Schumacher: Es stimmt natürlich, dass ein 22-Jähriger nicht diese Erfahrung haben kann. Und ein Robert Enke, der schon so viel mitgemacht hat in seinem Leben, den kann man immer blind reinwerfen, da kann man völlig unaufgeregt vor dem Fernseher sitzen. Aber ehrlich gesagt: Ich würde auch unaufgeregt vor dem Fernseher sitzen, wenn Wiese, Neuer oder Adler bei der Nationalmannschaft im Tor stehen. Die Frage ist für einen Torwart nur: Wie gehe ich mit Fehlern und Niederlagen um? Wie stecke ich so etwas weg? Bin ich so selbstbewusst zu sagen: Ich habe zwar ein Tor reingekriegt, aber über die gesamten 90 Minuten mache ich mir keine Vorwürfe,das bringt mich sowieso nur auf die Negativstraße?

bundesliga.de: Würden Sie sagen, dass diesbezüglich ein Rene Adler noch etwas von Robert Enke lernen kann, wenn sie gemeinsam im Trainingslager sind?

Schumacher: Sicher. Wenn man wissbegierig ist und besser werden will, sollte man mit offenen Augen und Ohren dabei sein. Und wenn es da nur um die Gelassenheit geht, in ein Spiel reinzugehen.

bundesliga.de: Wen sehen Sie denn von den vielen jungen Torhütern im Moment vorne?

Schumacher: Das will ich jetzt noch gar nicht beantworten, denn das Wichtige ist: Als Torhüter steht man immer ganz besonders im Fokus, da achten einfach alle auf alles. Da kommt es darauf an, dass man konstant spielt und über eine lange, sehr lange Distanz wenige Fehler macht. Nur so wird man für die Nationalmannschaft nominiert.

bundesliga.de: Das heißt, für einen Torhüter sind die vermeintlich unwichtigeren Spiele wie zum Beispiel das Freundschaftsspiel gegen Südafrika besonders wichtig.

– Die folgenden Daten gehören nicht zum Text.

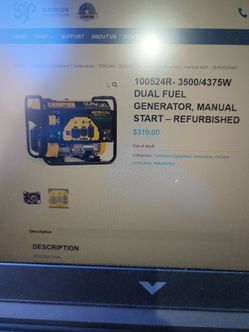 Champion dual fuel 3500 watts generator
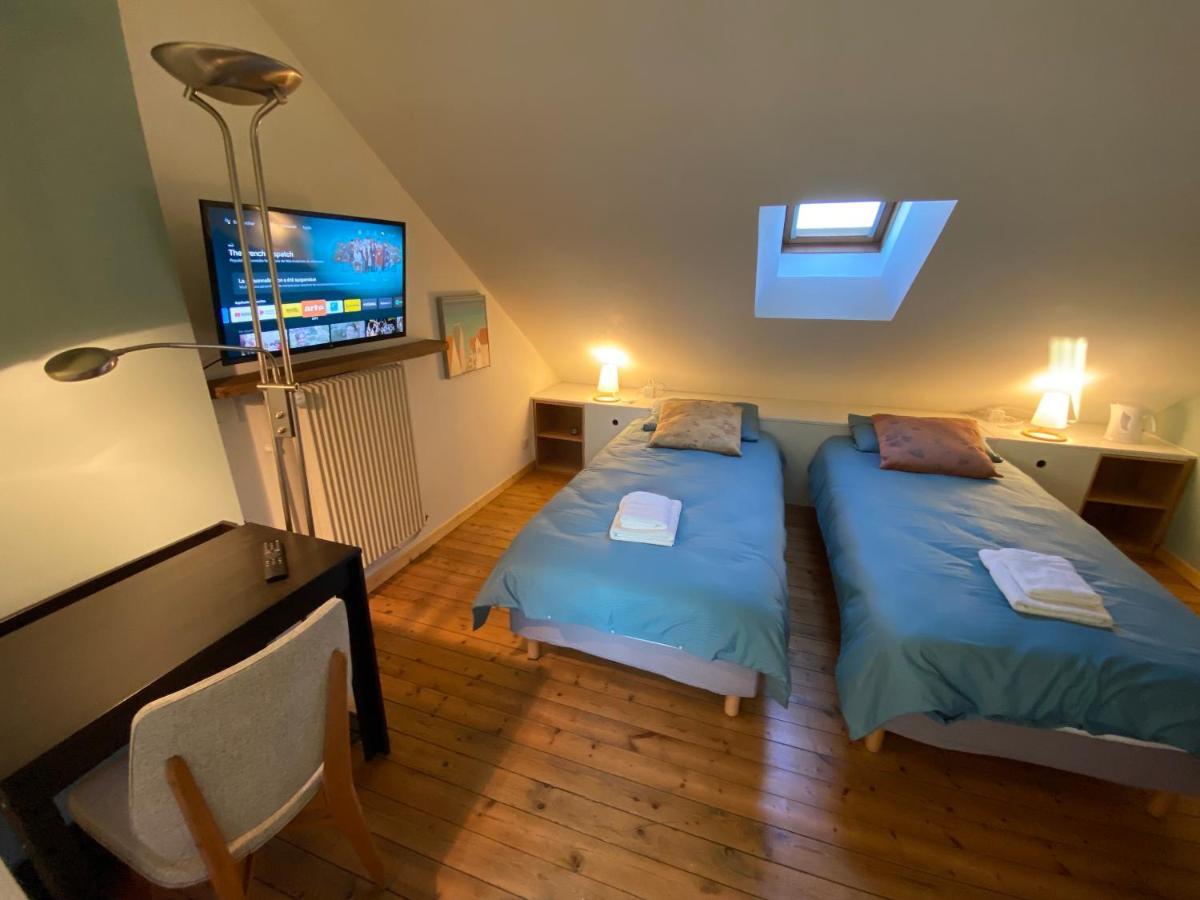 La Chambre Claire Ponts-et-Marais Bagian luar foto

Schumacher: Unwichtige Spiele gibt es für einen Torhüter gar nicht. Nicht einmal im Training. Ein Feldspieler kann da vielleicht kurz sagen: Das mache ich jetzt eben mal mit halber Kraft. Wenn ein Torwart mit halber Kraft spielt, kriegt er einen nach dem anderen rein.

bundesliga.de: Sie machen sich keine Sorgen, wer letztlich bei der WM im Tor steht?

Schumacher: Nein, gar nicht. Da kann Jogi Löw eigentlich gar keine Fehlentscheidung treffen.